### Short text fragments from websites
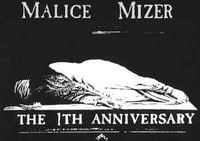 MALICE MIZER - The 1th Anniversary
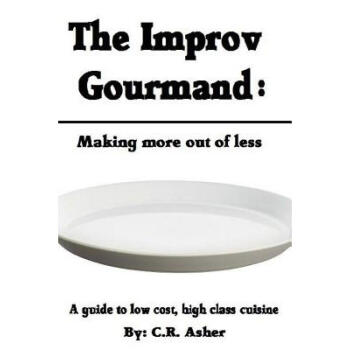 The Improv Gourmand pdf epub mobi 电子书 下载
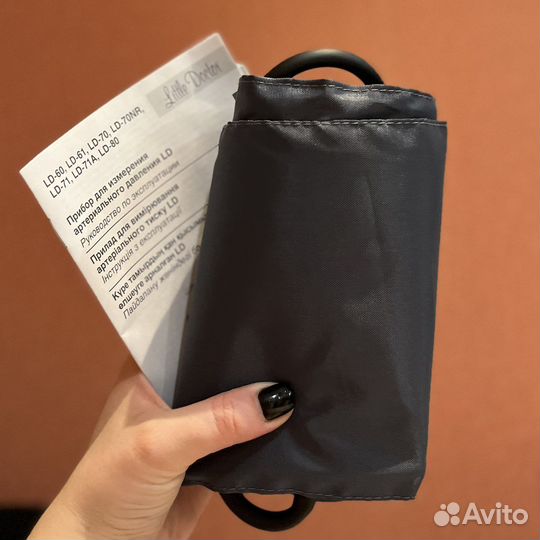 Тонометр новый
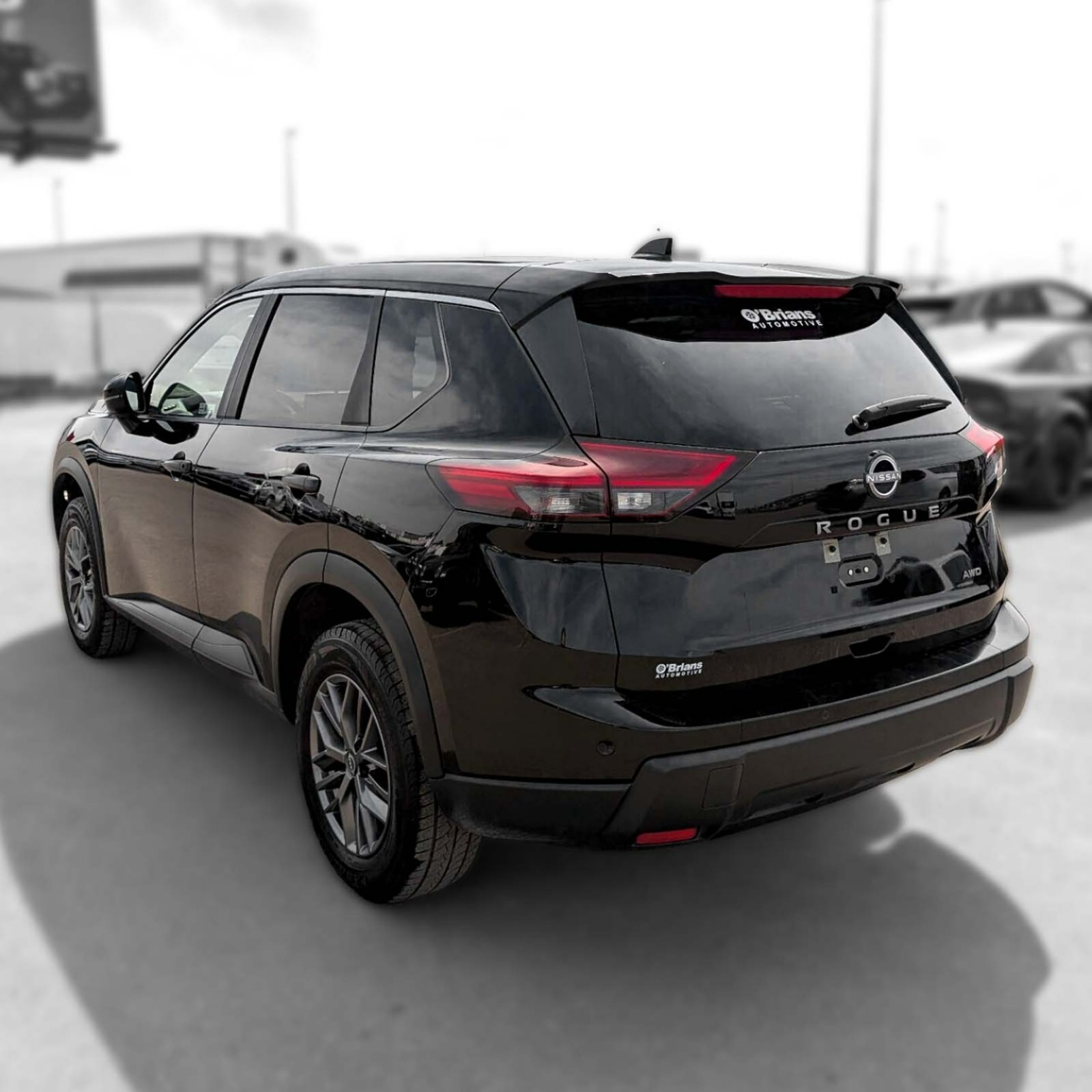 2025 Nissan Rogue — photo 5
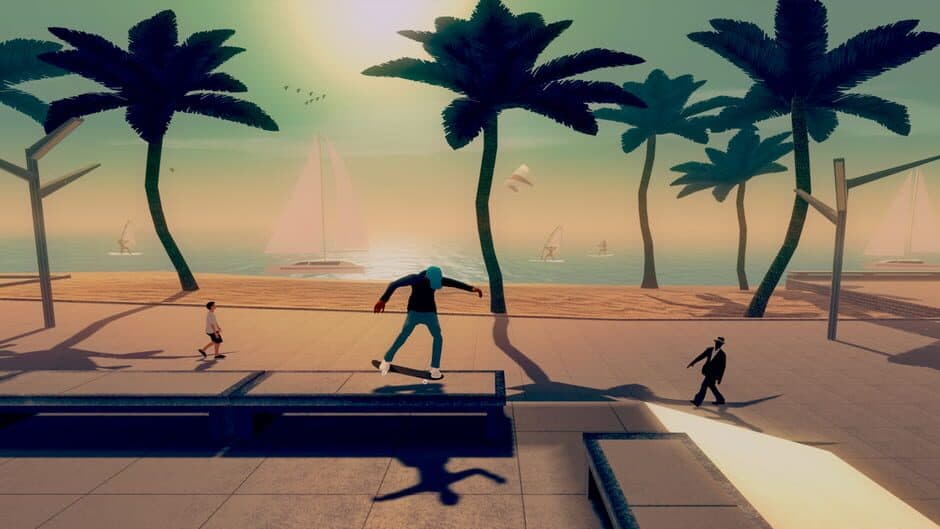 Скриншот 2 из Skate City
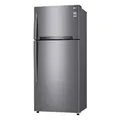 Produktbild: LG GTB744PZHED Kühlschrank 2 Türen 547LT B.78CM NoFrost WIFI Silber CL.E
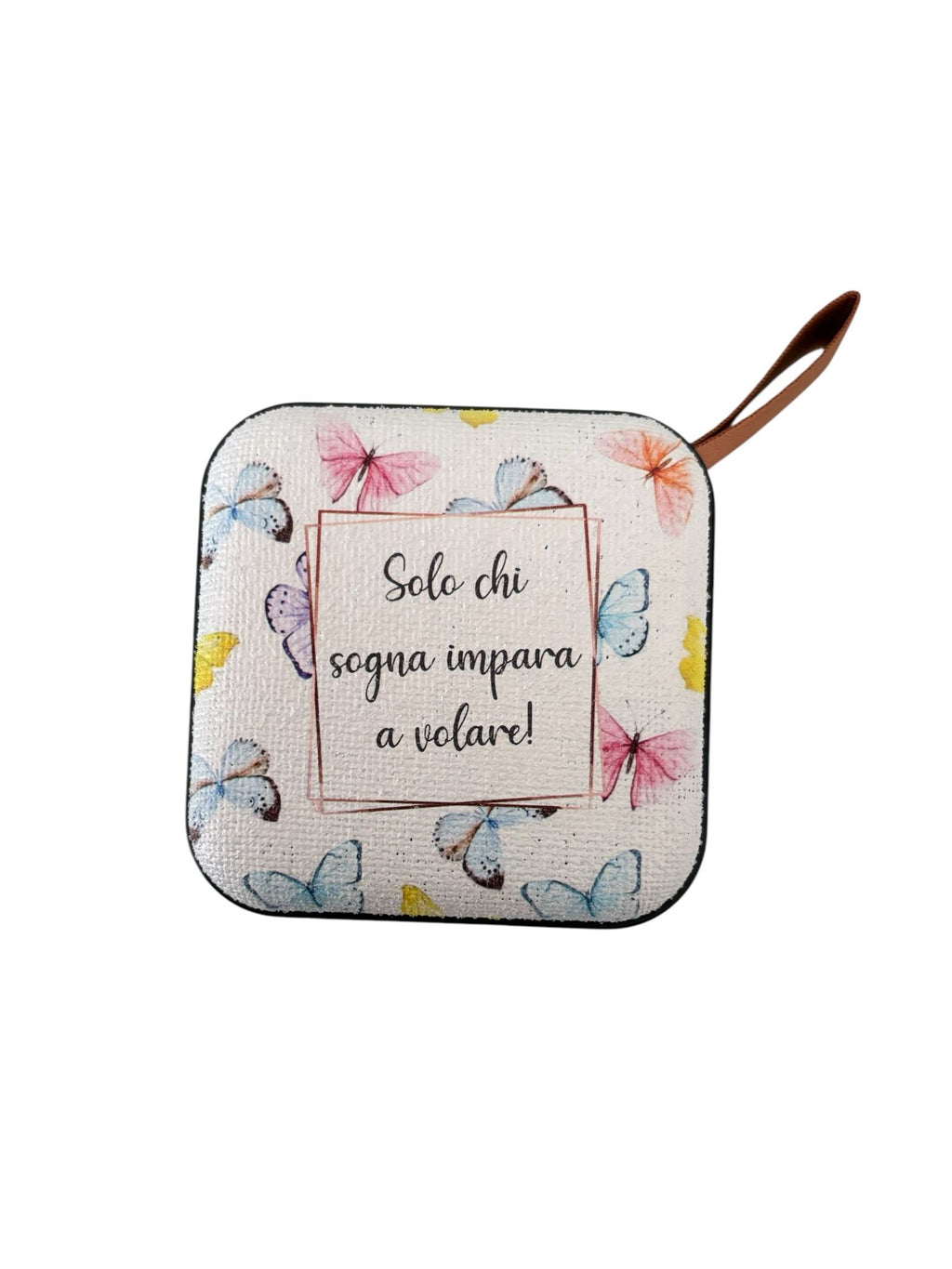 Cassa Bluetooth con Radio e Manico – Idea Bomboniera Dolciose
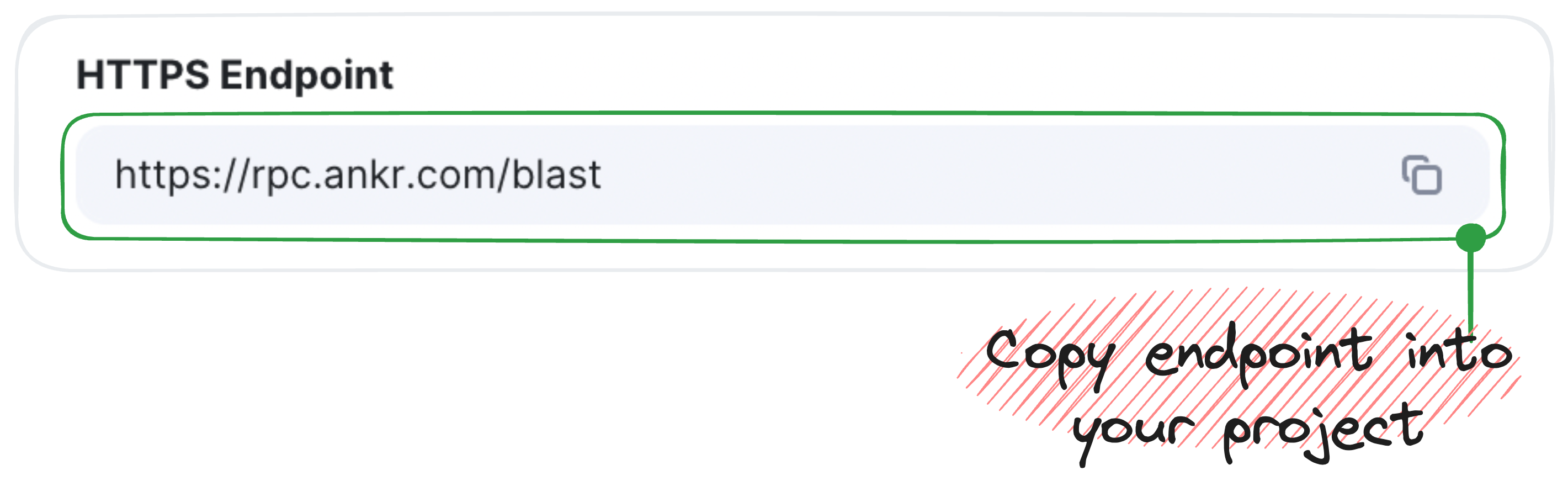 Copy URL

### WORK INSTRUCTIONS
Copy out exactly the lines between the line that contains "Скриншот 2 из Skate City" and the last line of the records, both ends included; leave out every picture.

### YOUR SOLUTION
 Скриншот 2 из Skate City
 Produktbild: LG GTB744PZHED Kühlschrank 2 Türen 547LT B.78CM NoFrost WIFI Silber CL.E
 Cassa Bluetooth con Radio e Manico – Idea Bomboniera Dolciose
 Copy URL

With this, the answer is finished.